填充数组交叉表中的缺失数据

时间:2018-08-21 12:01:41

标签: sql arrays postgresql missing-data crosstab

如何以不丢失数据的方式将数据聚合到数组中 例如,我查询了从1月到12月的所有注册用户的年度报告:

    with s_table as (

    SELECT
     city,
     gs.mounth as month,
     coalesce(count(city),0) as count
    FROM
     generate_series('2017-01-01'::date, '2017-12-31'::date , interval '1 month') as gs(mounth)
    LEFT JOIN "user"
        ON to_char("user".datereg, 'YYYY-MM') = to_char(gs.mounth::date, 'YYYY-MM')
    GROUP BY city, gs.mounth
)
    select city,
    array_agg(count) as count
    from s_table
    group by s_table.city
    order by s_table.city;

它返回丢失的数据:

|City  |arr_agg|
|Dublin|{1}|               //ONLY DECEMBER IS FILLED!
|Berlin|{1,4,5,10}            //ONLY JAN,MAR,APR,OCT ARE FILLED!

期望结果

    |City  |       Count users        |
    |Dublin|{0,0,0,0,0,0,0,0,0,0,0,1} |
    |Berlin|{1,0,4,5,0,0,0,0,0,10,0,0}|

如何用'0'填充丢失的数据?

1 个答案:

答案 0 :(得分:0)

您需要为所有城市生成所有月份。
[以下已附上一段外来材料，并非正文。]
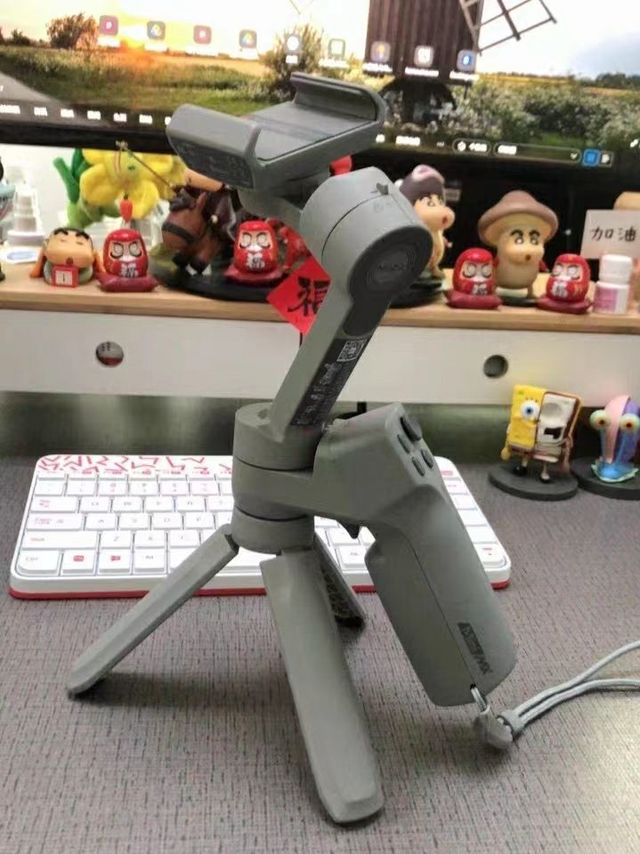 简洁时尚的外观，可折叠设计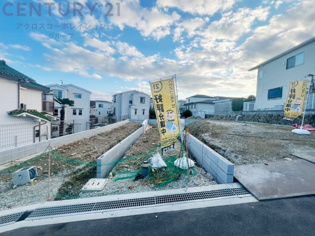 令和8年7月完成予定　新築分譲戸建て。現在建築中です。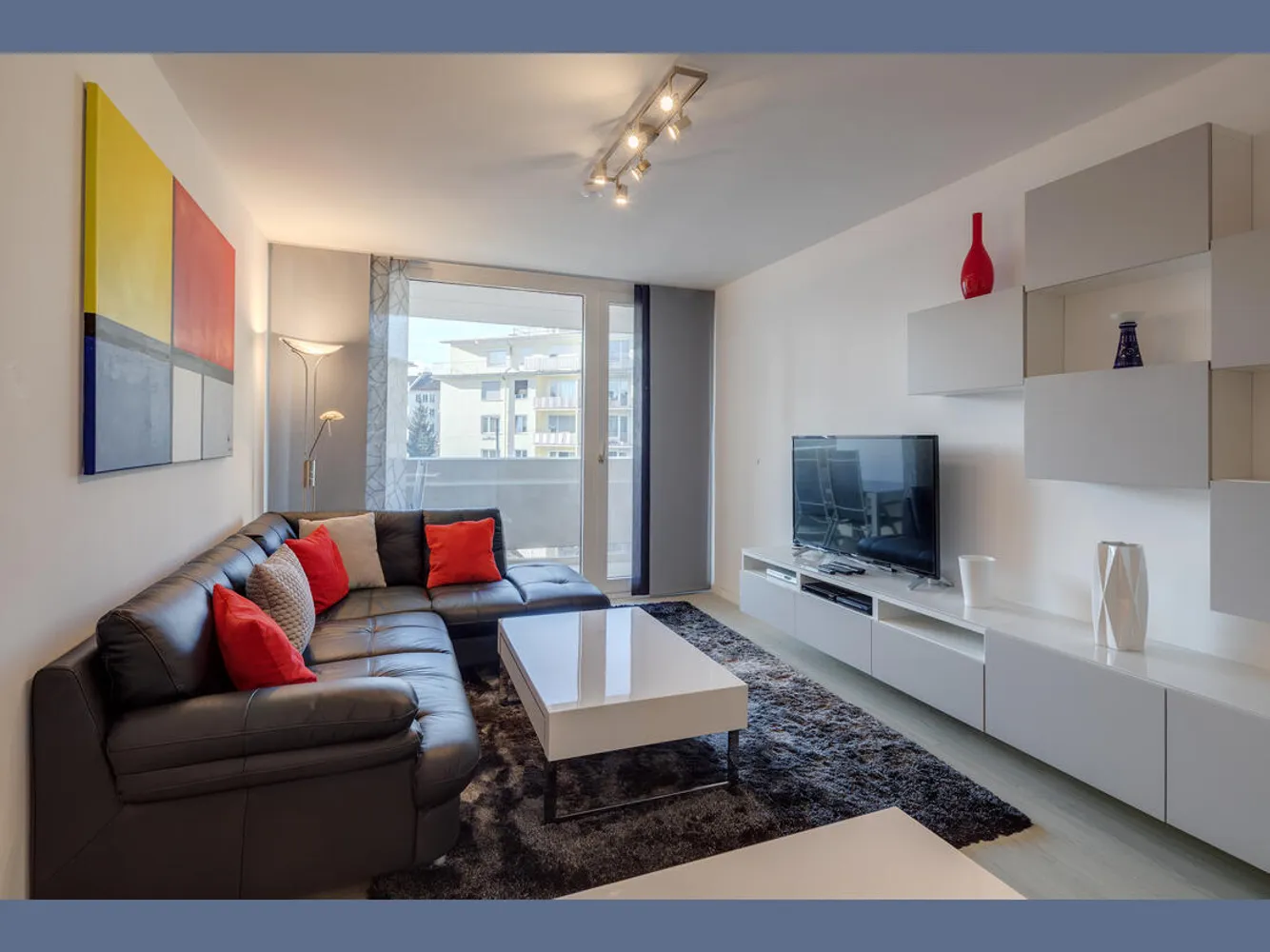 2 Zimmer Wohnung mit 56 m² in München – Bild 2
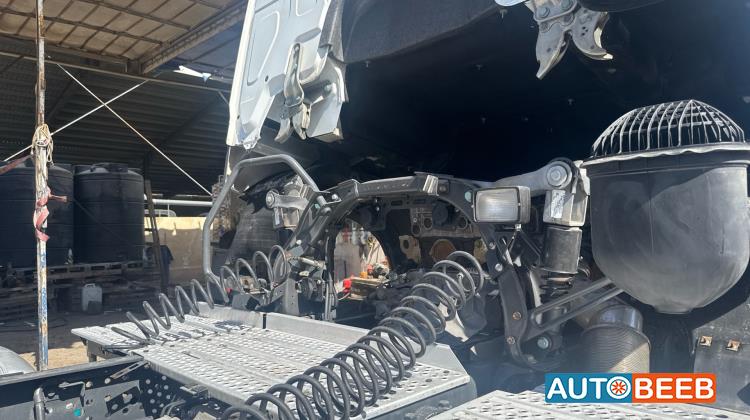 راس تريلا مرسيدس بنز 2017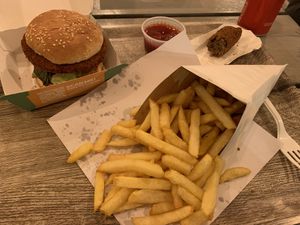 Javaanse burger + fries + veggie vleeskroket    at De Blauwe Frituur in Kortrijk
要获取行,请考虑cross join

with s_table as (
      select c.city, gs.month as month,
             count(u.city) as count
      from generate_series('2017-01-01'::date, '2017-12-31'::date , interval '1 month') as gs(month) cross join
           (select distinct u.city from user u) c left join
           "user" u
           on date_trunc('month', u.datereg,) = date_trunc(gs.month::date) and
              u.city = c.city
        group by c.city, gs.month
       )
select city, array_agg(count order by month) as count
from s_table
group by s_table.city
order by s_table.city;

请注意答案中的其他更改:

  • 日期比较使用日期函数而不是字符串。
  • array_agg()有一个order by
  • 无需将generate_series()的结果转换为日期。
  • count()不返回NULL,因此coalese()是不必要的。